Il jeta un œil à ses collègues, certains semblaient à bout, privés de liberté, de dignité, d'intimité. Ces messages pouvaient paraître réconfortants. Après tout, revenir à la "civilisation" c'était ne plus vivre dans ces immeubles où chaque étage n'était qu'un immense dortoir où la cohabitation se faisait avec une vingtaine d'individus de même sexe. Le sexe opposé étant de toute façon parqué dans un autre quartier que le vôtre, ce serait pouvoir manger et choisir son menu au lieu de devoir se contenter de ses pilules qui ne coupaient pas la faim en plus de n'avoir aucun goût, contrairement à l'eau qui semblait toujours croupie, une affaire de recyclage, comprenne qui pourra. Revenir à la civilisation c'était pouvoir faire autre chose que "boulot, métro, dortoir", avoir une vie, mais quelle valeur avait une vie que l'on ne contrôlerait plus, du moins pas plus que celle que l'on avait ici, les implants choisiraient pour vous le "meilleur" parcours.

Taken soupira chargeant le linge dans les immenses machines qu'il lui faudrait ensuite programmer, comme chaque jour, pour qu'elles fonctionnent.
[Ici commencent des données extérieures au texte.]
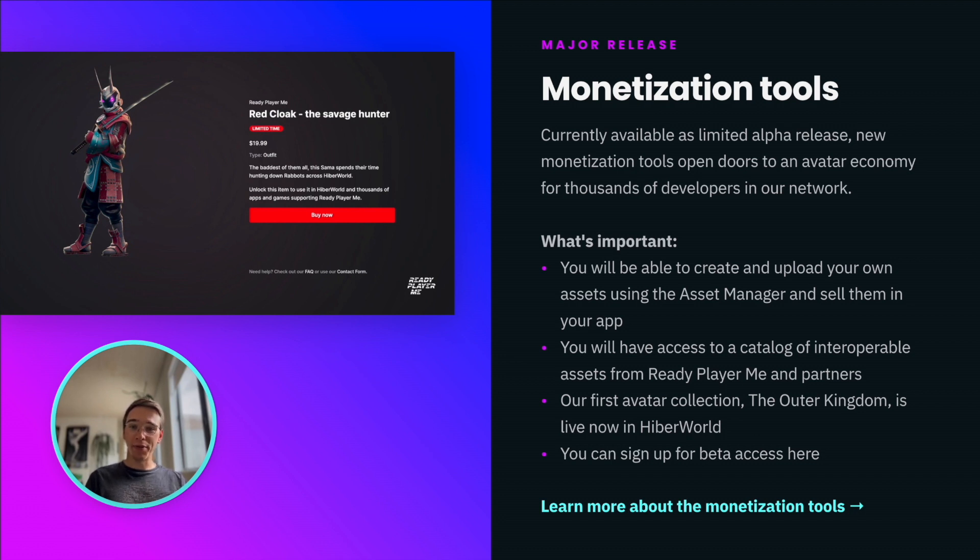Developer monetization tools are coming to ReadyPlayerMe. Currently available to selected partners in a limited alpha release, the new tools will allow you to sell custom avatar customization options in your app. You will have access to a catalog of interoperable assets from ReadyPlayerMe and our partners, and that includes avatar collections like the Outer Kingdom, which is currently available in the Hyperworld. You can sign up now to get access to beta later this year.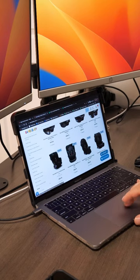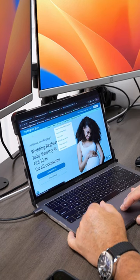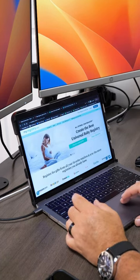So go to BabyBaby.com, start your registry, at least to organize your thoughts. Once you have your registry complete from all the different stores and unified on MyRegistry.com, then you can share it with your friends.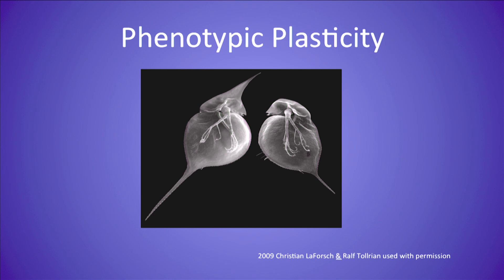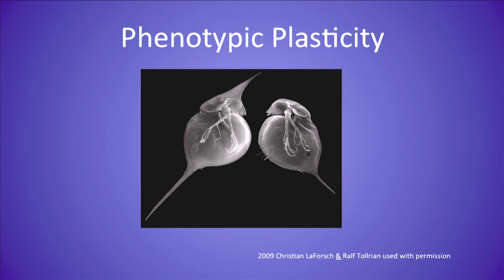How does it do that? These fleas are genetically identical. So there's something that happens that affects its actual structure early in life, resulting from exposure to something emitted from this predator fish, that results in this great change that you can obviously see. This is what we now know of as epigenetics.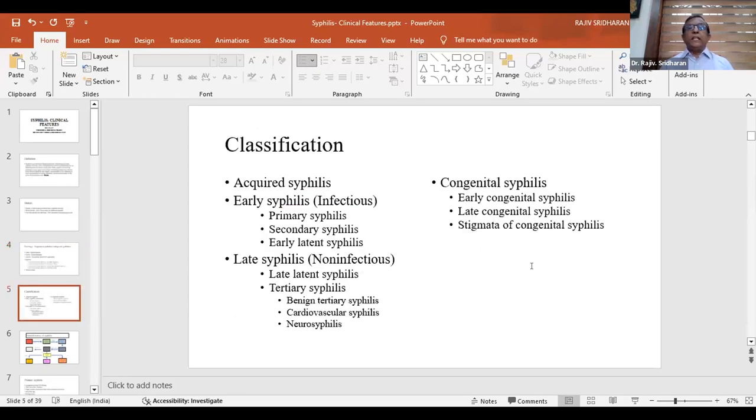Syphilis is classified mainly into acquired syphilis and congenital syphilis. I will concentrate on acquired syphilis. Acquired syphilis is further classified into infectious early syphilis and non-infectious late syphilis. Early syphilis is divided into primary, secondary, and early latent syphilis. Late syphilis is divided into late latent syphilis and tertiary syphilis, which includes benign tertiary, cardiovascular syphilis, and neurosyphilis.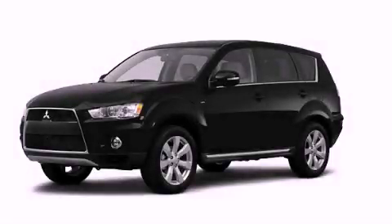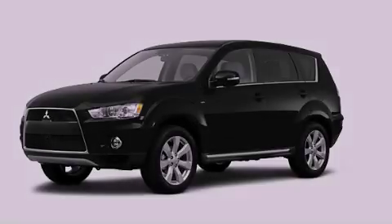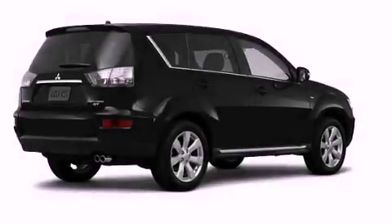This is a brand new 2012 Mitsubishi Outlander. Safety, space, and comfort.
Le système est vicieux non ? Si vous ne programmez pas les machines, elles ne tournent pas et votre travail n'est pas fait ce qui vous astreint à subir une punition, dont nous allons vous épargner les détails par égard pour votre estomac, mais si vous programmez la machine alors vous vous soumettez à la technologie, une petite réinsertion forcée quelque part. Être sur la lune vous force à vous soumettre, mais elle, elle vous pousse à la rébellion.

Une rébellion qui vient pour Taken de la plus belle des façons, par amour. Par amour pour un frère de galère, pour celui qui lui avait appris à survivre ici. A son retour Ted contrairement à son habitude n'était pas à les attendre près de la porte pour s'assurer qu'ils allaient bien, et si nécessaire soigner leurs petits maux au plus vite pour ne pas attirer l'attention, de ceux qui étaient pire que les protecteurs. Non ce soir Ted était roulé en boule au fond de sa paillasse, serrant son bras contre son torse en retenant difficilement ses sanglots, Taken courut à ses côtés craignant le pire ses tripes brûlant de la certitude de ne pas se tromper.

"Ils vont venir Taken,... les démons... ils vont venir... cache-moi... je t'en supplie cache-moi"

La fièvre s'était visiblement déjà installée, l'odeur de la peur commençait à saturer l'air. Le jeune mage le prit contre lui, berçant son corps pour l'apaiser, il avait du temps devant lui, ils attendraient que la terreur soit à son paroxysme dans le dortoir pour venir. Les démons... ceux qui osaient se faire appeler médecin, des bouchers, des bouchers sadiques plus précisément. Il n'oublierait jamais l'horreur qui lui avait glacé le sang dans les veines la première fois qu'il les avait vus, les hurlements du blessé hantaient encore ses cauchemars. Tout le temps de leur torture ils avaient poussé le blessé à accepter les implants, revenant chaque jour pour l'y forcer sous couvert de lui apporter des soins pour sa rémission, soins toujours aussi douloureux sur un corps toujours plus épuisé. Il avait fallu sept jours avant que la douleur soit trop forte, trop insupportable et qu'il cède. Taken serra les dents, ils ne feraient pas ça à Ted, pas temps qu'il pourrait l'empêcher. Il lui chuchota une douce litanie de mots de réconfort prenant le membre blessé pour l'examiner.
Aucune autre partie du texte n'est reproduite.